Multivariate Distributions in Non-Stationary Complex Systems I: Random Matrix Model and Formulae for Data Analysis

TL;DR

This paper introduces a new model for analyzing heavy-tailed multivariate distributions in non-stationary complex systems, with applications to financial data and risk assessment of rare events.

Contribution

It presents a novel model capturing how non-stationary correlation fluctuations lead to heavier distribution tails, simplifying parameter fitting for practical data analysis.

Findings

Derived joint distributions for linear combinations of amplitudes.

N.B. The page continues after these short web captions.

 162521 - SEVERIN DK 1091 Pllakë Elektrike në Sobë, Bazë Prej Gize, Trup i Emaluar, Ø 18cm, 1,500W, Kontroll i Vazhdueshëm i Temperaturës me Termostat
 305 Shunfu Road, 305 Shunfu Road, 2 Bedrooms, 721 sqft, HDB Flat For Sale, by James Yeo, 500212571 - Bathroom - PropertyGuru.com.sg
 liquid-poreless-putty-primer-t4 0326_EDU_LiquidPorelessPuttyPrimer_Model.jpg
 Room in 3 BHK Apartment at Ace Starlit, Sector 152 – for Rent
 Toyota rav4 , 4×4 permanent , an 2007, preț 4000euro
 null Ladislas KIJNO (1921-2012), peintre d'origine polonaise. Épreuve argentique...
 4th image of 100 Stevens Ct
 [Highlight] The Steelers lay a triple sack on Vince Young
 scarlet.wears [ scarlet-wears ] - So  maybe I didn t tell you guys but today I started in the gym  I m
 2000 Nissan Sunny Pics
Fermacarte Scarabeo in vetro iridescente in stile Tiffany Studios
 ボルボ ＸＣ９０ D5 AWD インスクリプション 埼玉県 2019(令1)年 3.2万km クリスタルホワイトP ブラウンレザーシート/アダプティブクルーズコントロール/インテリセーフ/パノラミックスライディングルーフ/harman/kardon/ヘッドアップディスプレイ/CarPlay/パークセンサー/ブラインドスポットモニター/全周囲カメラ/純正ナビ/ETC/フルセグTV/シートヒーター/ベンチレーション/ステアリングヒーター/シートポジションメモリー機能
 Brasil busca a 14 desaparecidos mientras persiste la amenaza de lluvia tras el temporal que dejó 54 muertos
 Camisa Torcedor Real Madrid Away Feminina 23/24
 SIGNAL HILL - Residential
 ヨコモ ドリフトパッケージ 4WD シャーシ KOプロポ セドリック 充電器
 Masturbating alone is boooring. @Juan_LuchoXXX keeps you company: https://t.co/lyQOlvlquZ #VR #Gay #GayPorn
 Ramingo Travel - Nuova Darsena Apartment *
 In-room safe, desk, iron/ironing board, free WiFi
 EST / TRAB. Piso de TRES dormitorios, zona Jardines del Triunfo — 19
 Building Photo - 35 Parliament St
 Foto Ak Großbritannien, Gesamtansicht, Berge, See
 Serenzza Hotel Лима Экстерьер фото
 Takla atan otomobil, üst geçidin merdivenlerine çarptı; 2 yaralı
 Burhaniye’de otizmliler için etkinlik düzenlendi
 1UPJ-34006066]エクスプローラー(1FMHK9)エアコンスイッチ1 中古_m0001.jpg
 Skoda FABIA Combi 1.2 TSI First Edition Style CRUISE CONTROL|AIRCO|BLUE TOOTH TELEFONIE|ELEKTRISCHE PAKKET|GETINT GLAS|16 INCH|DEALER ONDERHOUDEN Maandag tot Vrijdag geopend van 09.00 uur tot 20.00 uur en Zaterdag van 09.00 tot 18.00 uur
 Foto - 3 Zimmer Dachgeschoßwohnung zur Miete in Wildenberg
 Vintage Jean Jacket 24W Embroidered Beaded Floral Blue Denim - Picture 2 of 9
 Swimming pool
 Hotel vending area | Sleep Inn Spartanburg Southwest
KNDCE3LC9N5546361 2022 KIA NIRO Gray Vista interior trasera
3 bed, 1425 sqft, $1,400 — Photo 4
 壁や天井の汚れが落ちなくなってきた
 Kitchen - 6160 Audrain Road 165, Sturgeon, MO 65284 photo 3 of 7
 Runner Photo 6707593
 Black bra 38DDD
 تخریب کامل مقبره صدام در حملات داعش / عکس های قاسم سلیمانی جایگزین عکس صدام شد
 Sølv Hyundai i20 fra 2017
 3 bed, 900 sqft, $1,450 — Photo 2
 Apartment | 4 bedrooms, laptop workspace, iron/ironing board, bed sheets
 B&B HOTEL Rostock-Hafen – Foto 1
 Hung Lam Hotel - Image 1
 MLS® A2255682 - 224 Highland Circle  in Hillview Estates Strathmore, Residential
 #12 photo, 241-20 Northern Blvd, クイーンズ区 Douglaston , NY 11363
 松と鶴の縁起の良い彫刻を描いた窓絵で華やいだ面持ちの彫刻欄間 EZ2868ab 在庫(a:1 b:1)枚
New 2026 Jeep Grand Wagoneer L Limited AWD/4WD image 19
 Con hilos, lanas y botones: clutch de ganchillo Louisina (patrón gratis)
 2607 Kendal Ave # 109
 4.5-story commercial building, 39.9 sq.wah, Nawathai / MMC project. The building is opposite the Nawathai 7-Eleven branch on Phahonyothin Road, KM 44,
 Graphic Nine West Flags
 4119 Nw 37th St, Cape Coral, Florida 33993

Validated model with financial data.

Explicitly calculated moments of the distributions.

Abstract

Risk assessment for rare events is essential for understanding systemic stability in complex systems. As rare events are typically highly correlated, it is important to study heavy-tailed multivariate distributions of the relevant variables, especially in the presence of non-stationarity. We use a generalized scalar product between correlation matrices to clearly demonstrate this non-stationarity. Further, we present a model that we recently put forward, which captures how the non-stationary fluctuations of correlations make the tails of multivariate distributions heavier. Here, we provide the resulting formulae including Gaussian or Algebraic features. Compared to our previous results, we manage to remove in the Algebraic cases one out of the two, respectively three, fit parameters which considerably facilitates applications. We demonstrate the usefulness of these results by deriving joint distributions for linear combinations of amplitudes and validating them with financial data. Furthermore, we explicitly work out the moments of our model distributions. In a forthcoming paper we apply the model to financial markets.